Work instruction
With the pictures removed, please write out every line below exactly as given.

Data for review

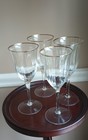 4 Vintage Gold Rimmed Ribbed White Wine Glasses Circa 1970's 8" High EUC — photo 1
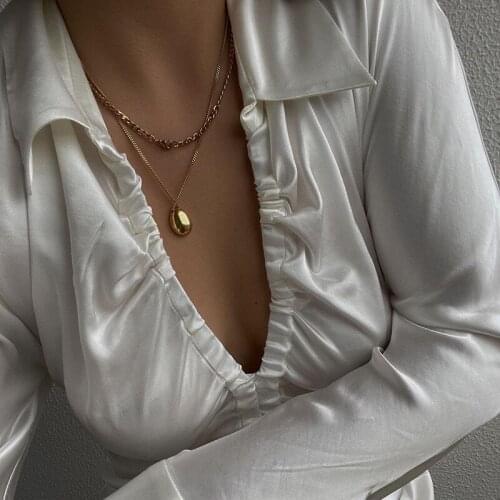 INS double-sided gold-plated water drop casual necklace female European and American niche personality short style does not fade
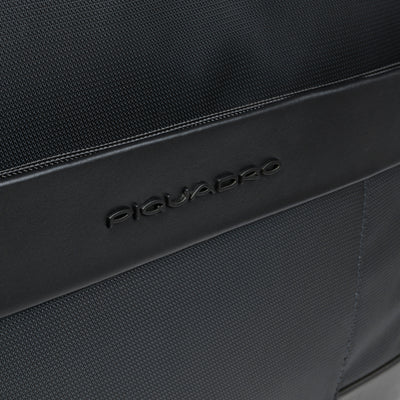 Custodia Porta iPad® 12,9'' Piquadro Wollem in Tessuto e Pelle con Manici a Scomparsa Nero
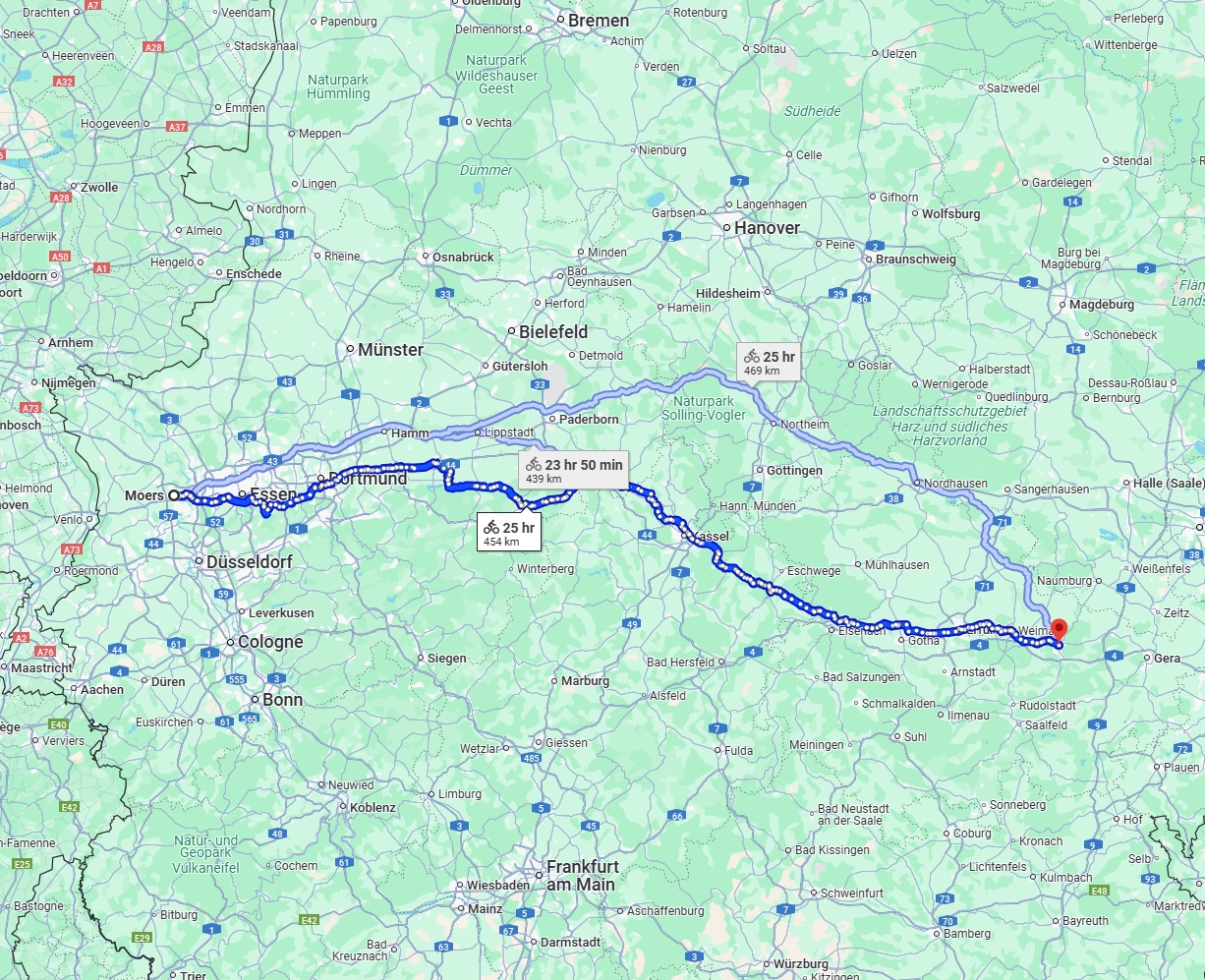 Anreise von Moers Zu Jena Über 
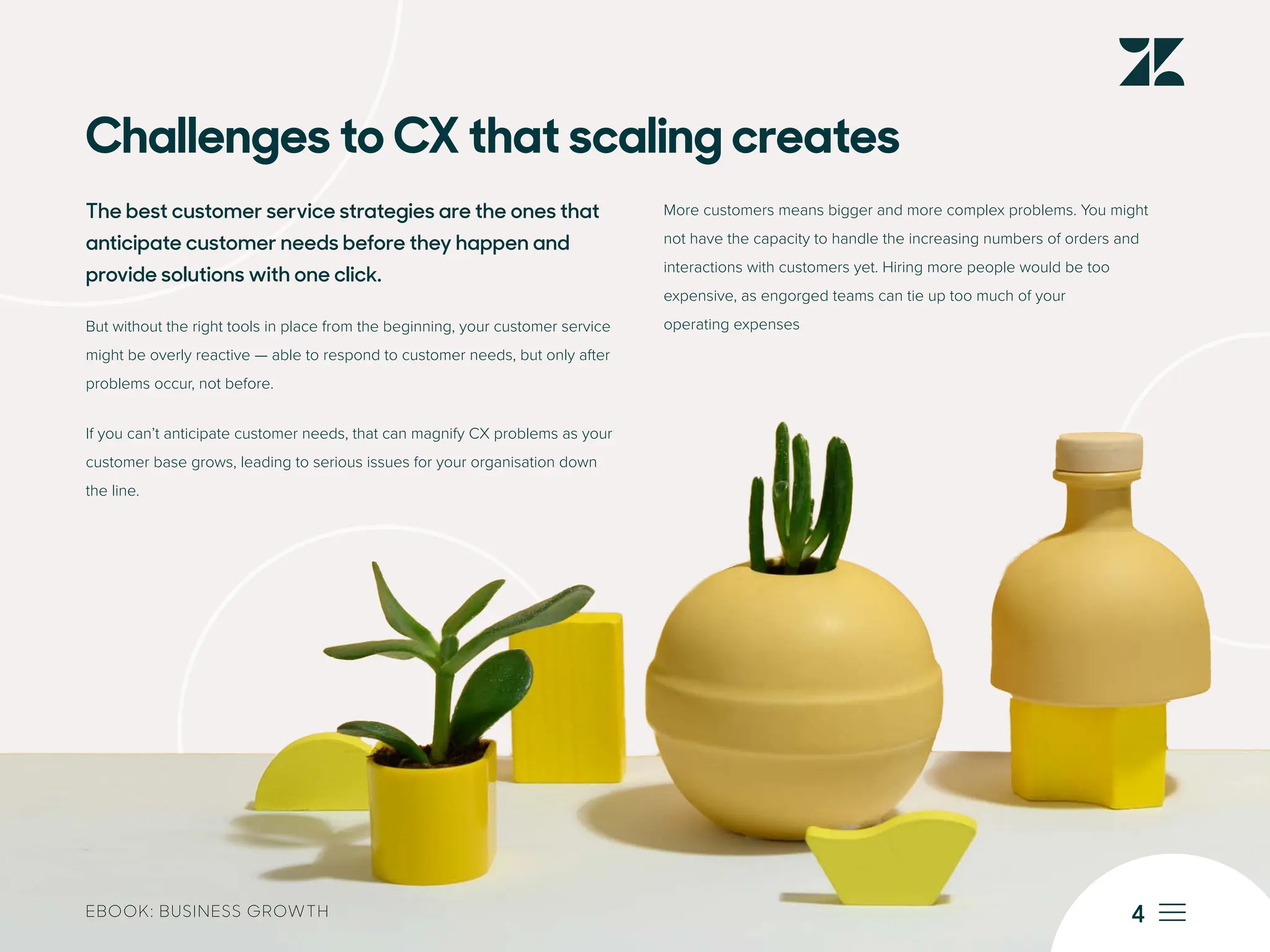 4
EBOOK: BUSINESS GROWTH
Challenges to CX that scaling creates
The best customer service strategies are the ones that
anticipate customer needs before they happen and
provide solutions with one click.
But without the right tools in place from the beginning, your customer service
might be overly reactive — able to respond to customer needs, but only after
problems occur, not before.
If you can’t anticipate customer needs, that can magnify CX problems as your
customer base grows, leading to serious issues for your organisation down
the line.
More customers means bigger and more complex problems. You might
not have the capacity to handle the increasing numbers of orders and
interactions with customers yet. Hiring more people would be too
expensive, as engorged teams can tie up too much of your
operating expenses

Output for this exercise
 4 Vintage Gold Rimmed Ribbed White Wine Glasses Circa 1970's 8" High EUC — photo 1
 INS double-sided gold-plated water drop casual necklace female European and American niche personality short style does not fade
 Custodia Porta iPad® 12,9'' Piquadro Wollem in Tessuto e Pelle con Manici a Scomparsa Nero
 Anreise von Moers Zu Jena Über 
 4
EBOOK: BUSINESS GROWTH
Challenges to CX that scaling creates
The best customer service strategies are the ones that
anticipate customer needs before they happen and
provide solutions with one click.
But without the right tools in place from the beginning, your customer service
might be overly reactive — able to respond to customer needs, but only after
problems occur, not before.
If you can’t anticipate customer needs, that can magnify CX problems as your
customer base grows, leading to serious issues for your organisation down
the line.
More customers means bigger and more complex problems. You might
not have the capacity to handle the increasing numbers of orders and
interactions with customers yet. Hiring more people would be too
expensive, as engorged teams can tie up too much of your
operating expenses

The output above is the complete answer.